Listening to this on audio was such a treat! It’s read by Diane herself and every time I plugged into my iPod I was taken to another time and place. She talks of her childhood and the wonderful relationship she had with her mother. She also mentions her other siblings and her father, but the real focus here is her mother, Dorothy Hall who pretty much taught Diane everything she needed to know about life and more. Here was a bright, educated woman who gave up her career to raise a family. Did she regret it? According to her journal entries which are shared by Diane, not really. She loved her family and her family was everything to her. Did she make a sacrifice? Of course, but she was a positive woman who tried to make the best of things. A trait that Diane appreciated and modeled with her own children.
As wonderful as walking down Memory Lane can be, there is a darkness that emerges as well. Dorothy Hall was a woman of many talents, but constantly struggling to find her niche. All in all, the Halls appeared to be a happy family and that was mostly due to her mother making it so. Something that Diane appreciates now, but also regrets when she realizes how lonely her mother must have been, trying to constantly re-invent herself at every turn. Diane shares in this self-doubt. Always wondering if she is good enough, pretty enough, or smart enough for anyone to want her.
In between these thoughtful moments, Diane shares stories from her career. How she met Woody, how she came to know Warren Beatty and her first impression of Jack Nicholson and Al Pacino. She talks of that famous outfit from Annie Hall and how she originally turned down the part of Erica Barry in Something’s Gotta Give. Can you imagine?

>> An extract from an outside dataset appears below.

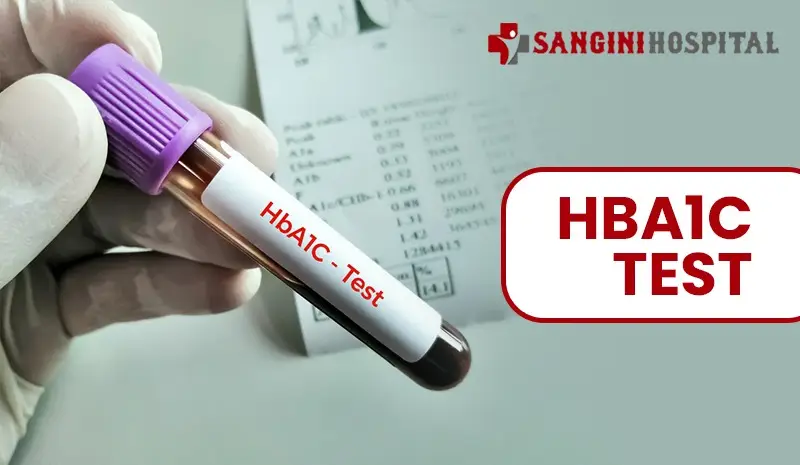 HbA1c Test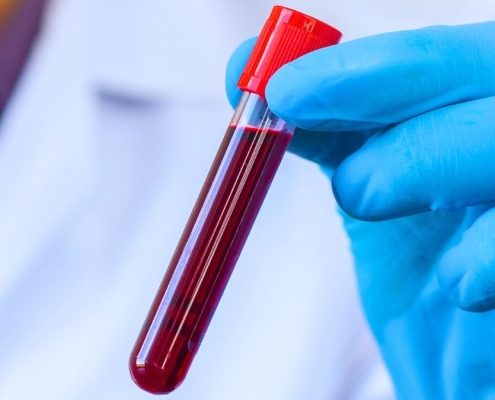 The Blood of Centenarians Reveals 37 Proteins Linked With Slower Aging : ScienceAlert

This was a wonderful memoir to listen to. I loved hearing Diane tell her own story but the parts where she discusses her mom, well… those parts brought a tear to my eye. The only downside to listening to this on audio is that I probably missed out on some great family photos. That’s okay, because it was wonderfully done and anyone who enjoys her work, loves hearing about mother/daughter relationships or anyone who has lost someone to Alzheimer’s, will enjoy and find comfort in this book.